A escrita é também uma questão importante para entender o trabalho de Nazareno. Grande parte dos desenhos do artista possui frases escritas a mão. Ele não costuma chamá-las de suas. Explica: “São pensatas do mundo. Vim do Nordeste, um povo extremamente oral, que sempre esteve muito ligado à linguagem”. Diga-se de passagem, elas costumam ser ótimas. Uma delas está ao lado de um cisne desenhado: “Sim, é verdade, quem olhar para você se admirará do quanto você mudou… mas nós sabemos quem é você. Não sabemos, cisne?” Outra aparece abaixo de uma dezena de pequenos sorrisos: “Apenas um deles é verdade. Você saberia dizer qual?”
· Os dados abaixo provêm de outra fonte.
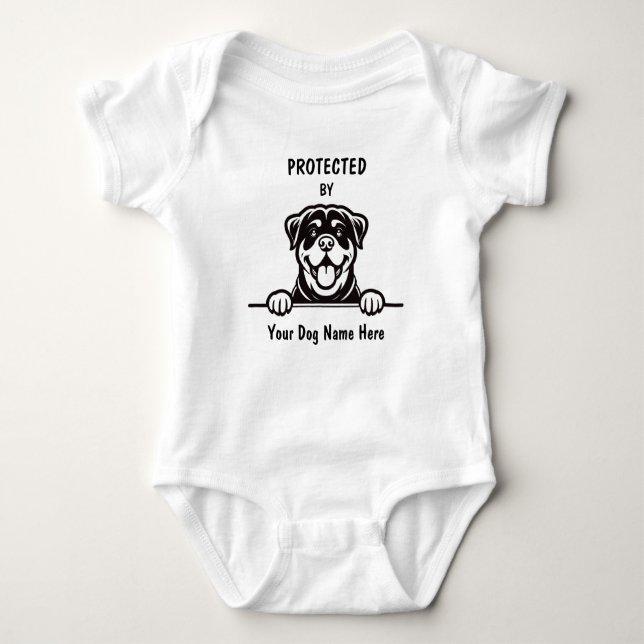  Protected by Rottweiler Dog, Custom Dog Name Baby Bodysuit (Front)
Em 2001, Nazareno foi convidado a ilustrar o suplemento cultural do jornal Correio Brasiliense. Muitos artistas costumavam simplesmente enviar fotografias de seus trabalhos. Ele foi mais coerente: criou uma série dos passatempos encontrados na imprensa escrita diária. O melhor deles era um jogo de erros – daqueles com fotografias lado a lado. No passatempo de Nazareno, há a duplicação de uma fotografia do casamento de seus pais. Somos convidados a descobrir as diferenças entre elas, mas, em pouco minutos, nos damos conta de que se trata de imagens idênticas. “O erro é o casamento em si”, diz Nazareno, com um sorriso irônico. Antes mesmo de ele nascer, seus pais já estavam separados.
Alguns dos trabalhos mais recentes de Nazareno são caixas fechadas com pequenos buracos, o que nos convida a espiar seu conteúdo. São cômodos com elementos estranhos – como cadeiras penduradas nas paredes. As obras surgiram de uma observação. “Você já reparou que vivemos sempre em caixas? Nossos quartos, automóveis, televisões.” Curiosamente, ele diz isso na sua caixa mais inventiva – a sala onde cria suas preciosas ironias.